Brian J, you say, surely you’re not going to count an Executioner novel as your book set in another country? Well, gentle reader, time will tell: I have a little over a week to finish as many books in the Winter 2021 Reading Challenge categories as I can, and I have five slots left. So I might not have the chance to read something with more heft and depth for the In A Different Country slot.
And, truth be told, this book takes place in several different countries: The Executioner goes to Brazil to establish a relationship with counter-insurrgency agents as they raid a paramilitary group’s hideout to rescue a woman being held for ransom–willingly, as it turns out. Then he stops by Miami for a briefing, and then he’s off to Jamaica with a cross-national defense team to take on the paramilitary group’s beachhead there, and then he goes back to Brazil to take on the paramilitary group with the counter-insurgency agents, and then decapitate–or deliver the coup-de-grace–by eliminating the businessman behind the scenes. And, finis!.

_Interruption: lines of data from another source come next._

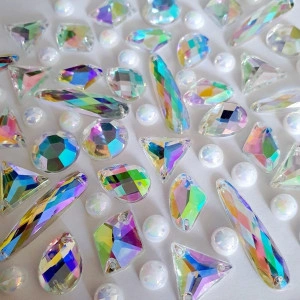 Sewing Stones Set, Pearl, Various Shapes 
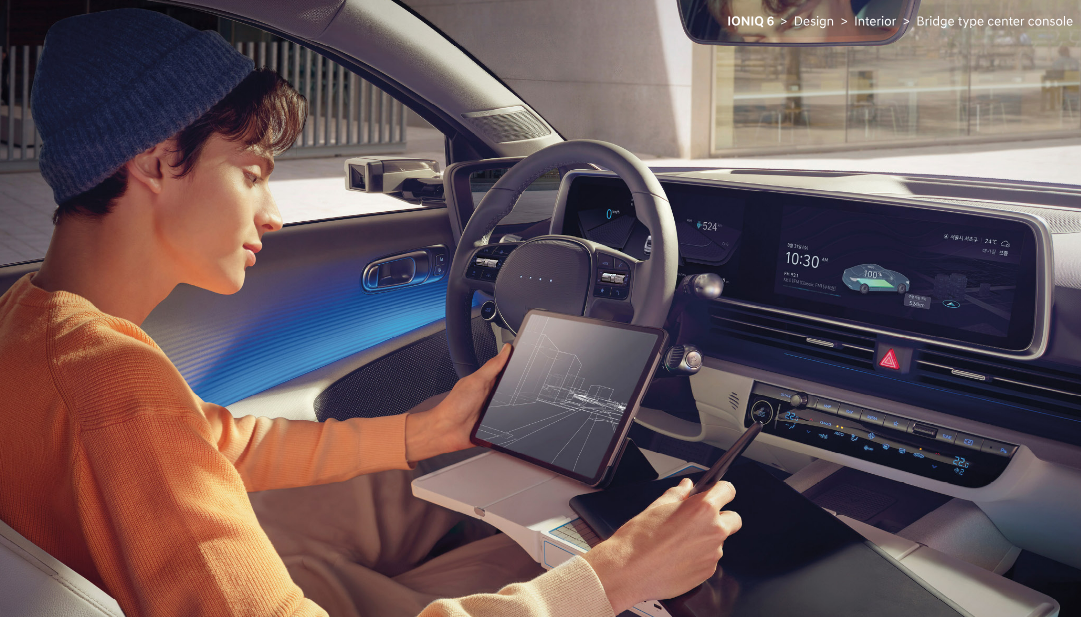 아이오닉6 내부 인테리어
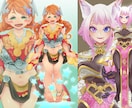 イラストのご注文承ります アナログ風の塗り、手描きの味を強調 イメージ5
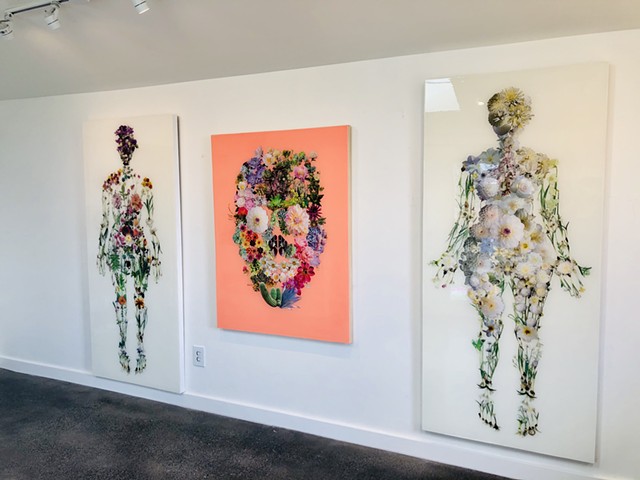 Flower Girls I & II, Flower Skull installed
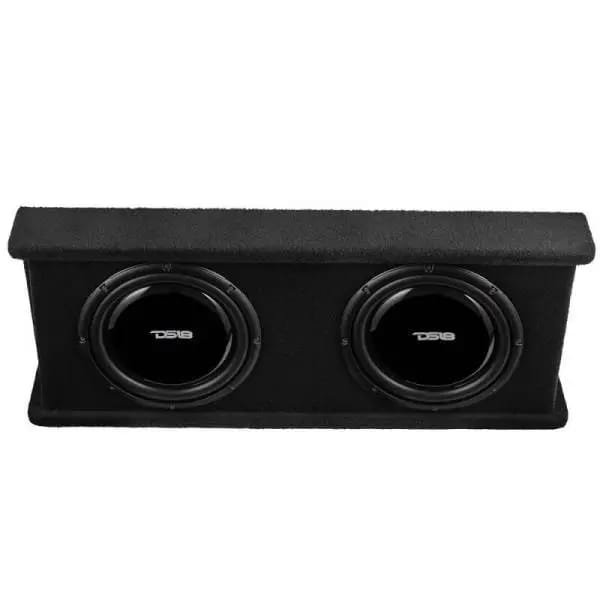 DS18 Dual 12in Shallow Subwoofer and Enclosure 700 Watts RMS Sealed Black Carpet thumbnail 5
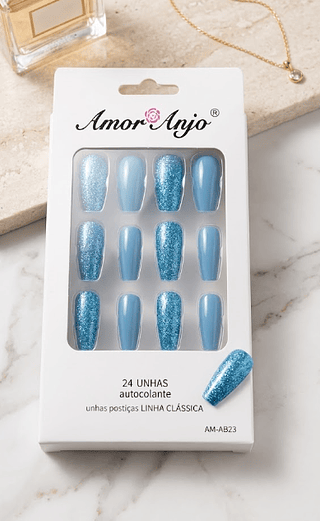 Unhas Postiças Autocolante Amor Anjo (somente avulso)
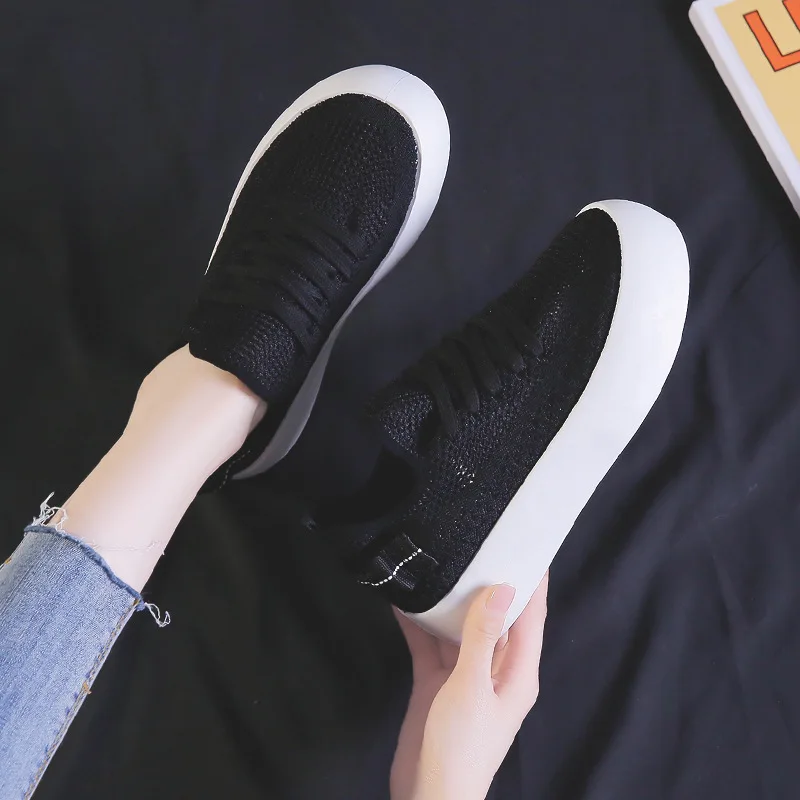 

2021 Women Sneakers Fashion Shoes Spring Trend Casual Flats Sneakers Female New Fashion Comfort Vulcanized Shoes Training Shoes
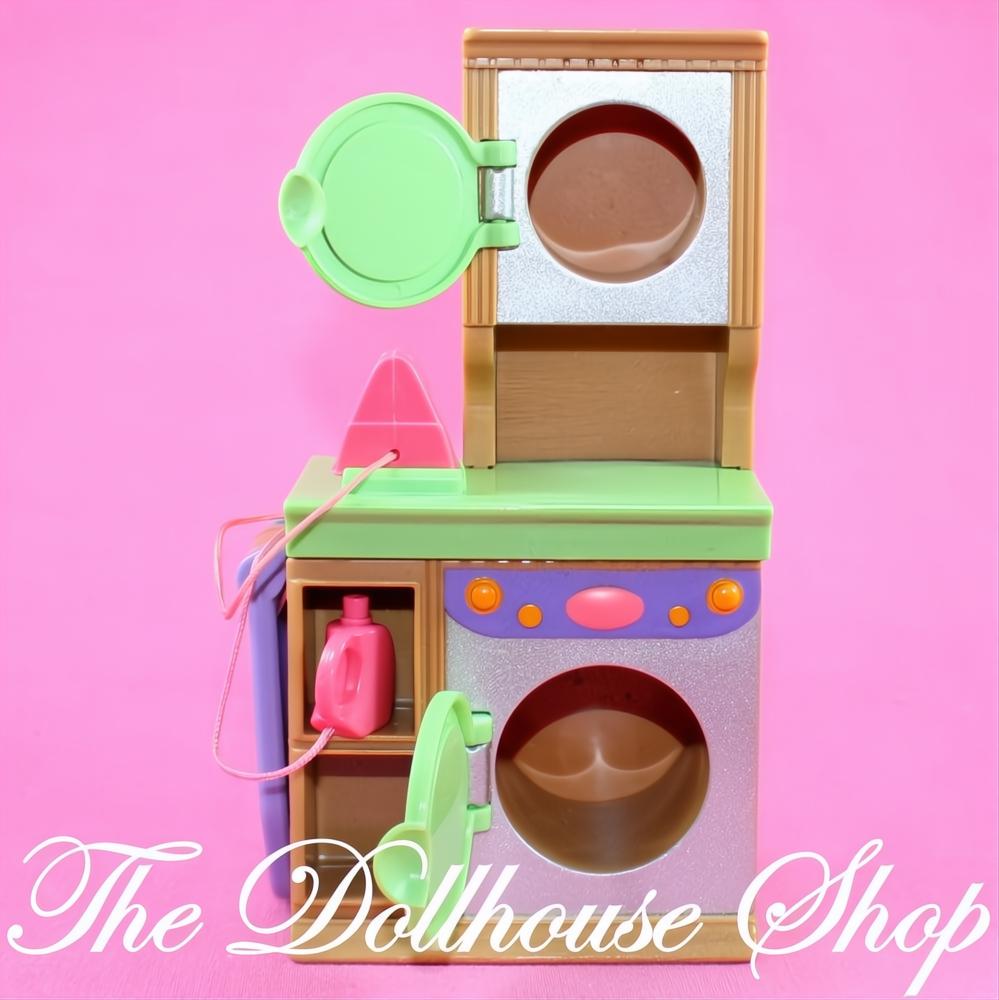 Fisher-Price Loving Family Dollhouse Laundry Washer Dryer Ironing Board Tan-The Dollhouse Shop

The stop in Miami makes me wonder if I can truly, in good conscience, say this book took place in a foreign country. But ethics fall by the wayside when it comes to filling out my Winter 2021 Reading Challenge form.
As Executioner novels go, it has a lot of development in the first half to two-thirds of the book, which lead me to think maybe it was the beginning of another trilogy in the series, but no–about two thirds of the way through the book, it jumps into action set pieces and finishes quickly. Also, Bolan is a bit of a bystander through much of it compared to other adventures where he works solo. But it’s not a bad entry in the series.
I am down to 13 volumes in The Executioner series, not counting the Super Bolan books and related series. My goodness, what will I do without Executioner novels as the default for times when I need a book to read? It’s taken me ten years to read the 47 books my beautiful wife bought me for my birthday in 2011 and the others I have picked up since then. They’ve been a constant on my bookshelves almost since we moved to Nogglestead. So I will, someday, miss them.
But I probably won’t re-read them, unlike the Ed McBain and John D. MacDonald books that I come across again.